Task directions:
The required output is the line containing "Vans Glitter‎ Sneakers" followed by each line through the end of the data below, repeated exactly and with nothing added.

Source data:
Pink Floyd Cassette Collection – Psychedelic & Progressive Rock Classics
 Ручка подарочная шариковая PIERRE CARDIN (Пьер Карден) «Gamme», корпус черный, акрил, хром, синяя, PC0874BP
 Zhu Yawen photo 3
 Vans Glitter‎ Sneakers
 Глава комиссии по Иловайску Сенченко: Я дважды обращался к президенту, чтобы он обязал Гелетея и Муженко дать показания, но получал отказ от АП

Task result:
 Vans Glitter‎ Sneakers
 Глава комиссии по Иловайску Сенченко: Я дважды обращался к президенту, чтобы он обязал Гелетея и Муженко дать показания, но получал отказ от АП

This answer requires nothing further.